Selain itu, cara yang juga ramah lingkungan adalah dengan membudidaya maggot.

"Sisanya 20 persenan itu plastik, masa plastik juga pakai insinerator, itu didaur ulang. Sisanya yang sekian belas persen tadi ya gak mungkin juga kalau kemudian pakai insinerator, artinya gak visible."

"Kenapa? Karena tadi yang saya bilang, kalau insinerator itu di negara-negara maju memang dipakai di Jepang dan juga di Singapura.
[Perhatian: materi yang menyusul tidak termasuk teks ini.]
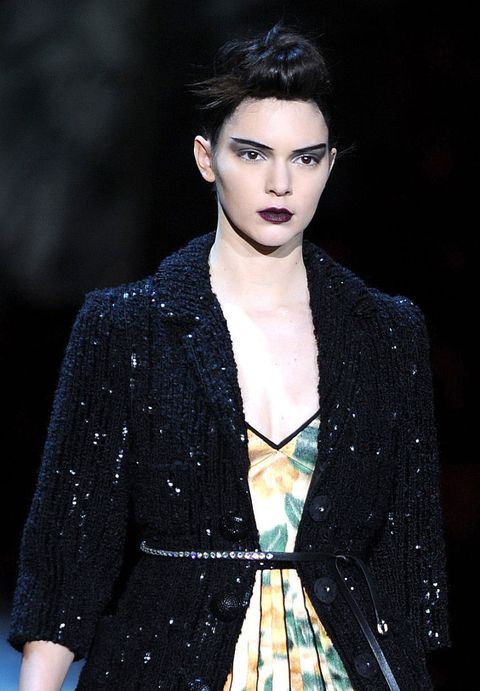 Kendall Jenner looks lovely in florals on the Marc Jacobs runway
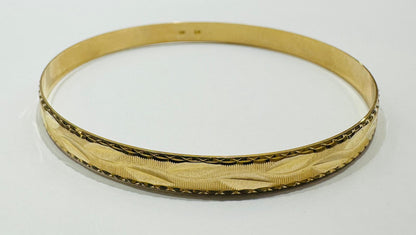 14K GOLD BANGLE BRACELET- WEIGHT:  9.1gm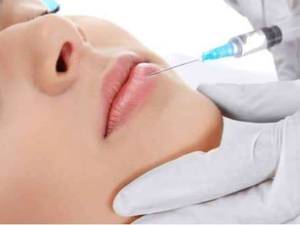 پر کردن چین و چروک پوست صورت با فیلر  در تبریز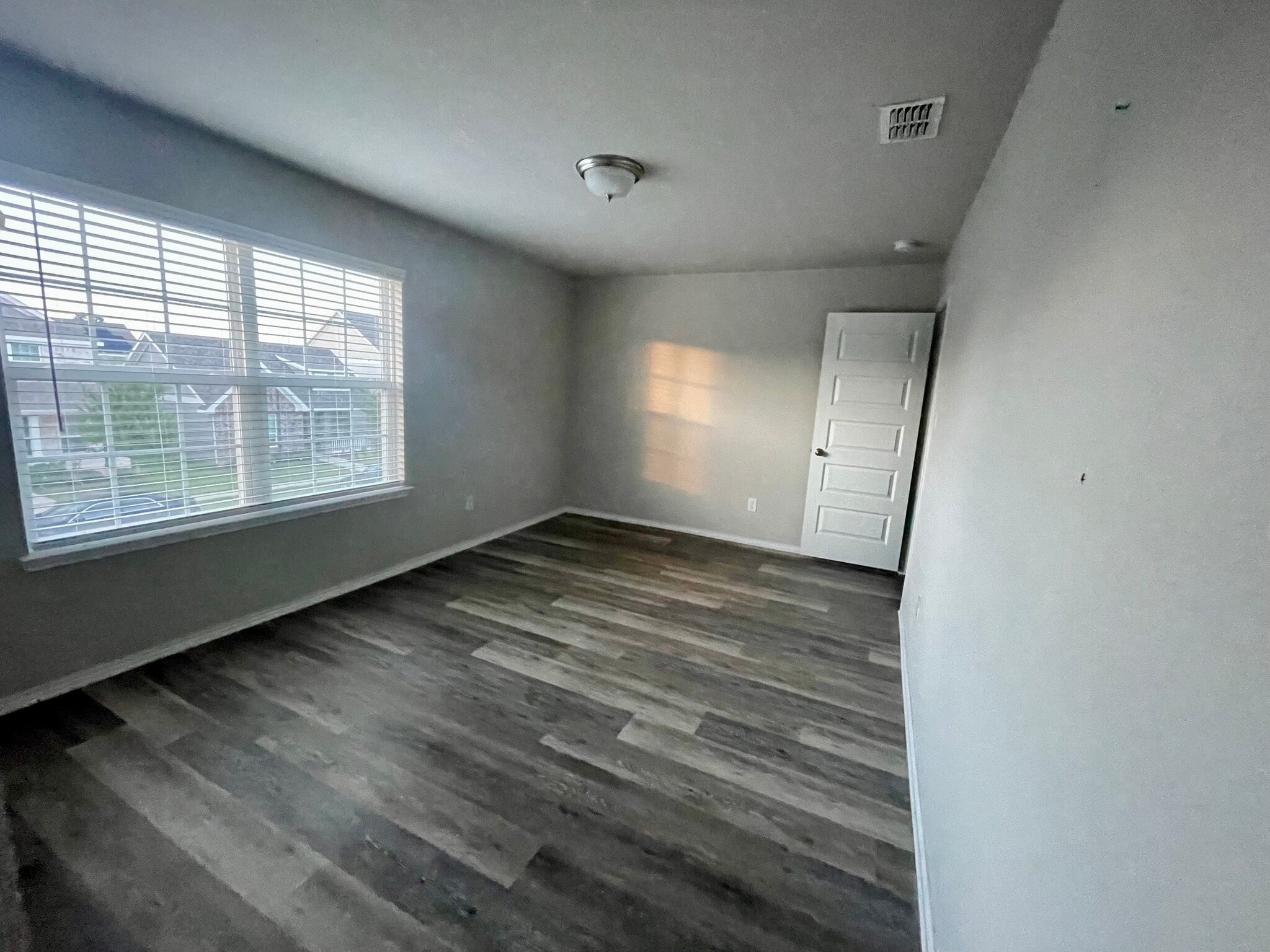 Building Photo - 10032 Adams Ln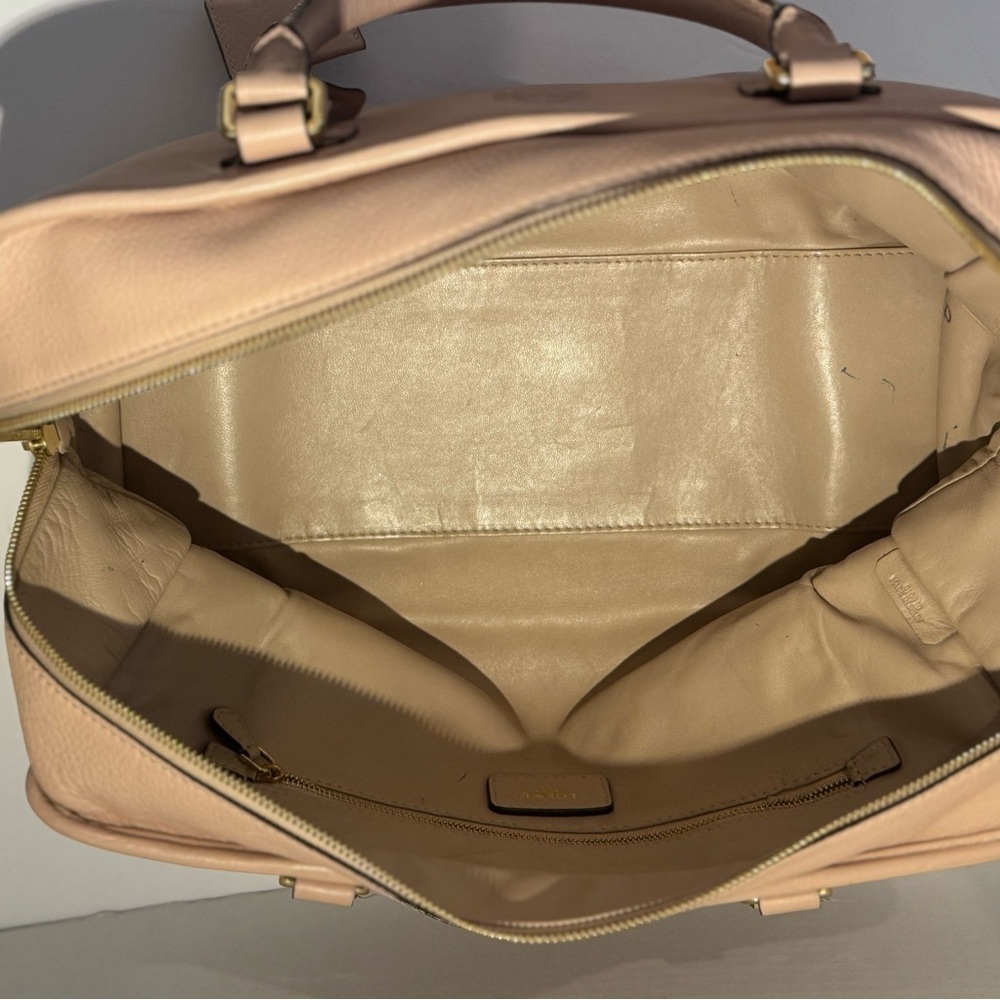 Loewe Amazona Bag Light Pink Authenticity Guaranteed - Picture 5 of 16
Insinerator di Jepang dan di Singapura semua dikoneksikan utilitynya untuk pembangkit listrik," sambungnya. 

"Jadi gas berbahaya di capture, ditangkap, diarahkan untuk pembangkit listrik," timpalnya lagi.

Petahana Depok Gagal Paham

Menurut Chandra, paslon nomor 01, Imam Budi Hartono (IBH) dan Ririn gagal paham. Sama juga seperti masalah gentrifikasi.

"Kalau yang ditanya mungkin teman-teman lain yang lagi di pinggir jalan bukan pejabat pemerintahan, itu mungkin hal yang biasa, tapi ini yang ditanyakan adalah notabene orang ini wakil walikota, enggak tau. Ngakunya pengalaman, tapi enggak tahu gentrifikasi gitu loh," ucap Chandra.

"Jangankan udah jadi wakil walikota orang yang mau jadi pejabat tingkat kota aja itu harus tahu yang namanya gentrifikasi, apalagi sudah ngakunya pengalaman jadi wakil walikota, masa gentrifikasi kemudian dipersepsikan sebagai genderfikasi," ujarnya lagi.

Mantan aktivis itu kemudian menegaskan, bahwa genderfikasi juga tidak ada di Kamus Besar Bahasa Indonesia (KBBI). 

"Jadi kok akhirnya jawabannya malah ke perempuan naik angkotlah, angkot ber-AC, apa itu yang kemarin bilang enggak nyambung, seperti itu loh," tuturnya.

"Jadi kalau menurut saya sih masyarakat bisa menilai ya, mana yang cuma omon-omon, mana yang menguasai permasalahan," tuntas Chandra.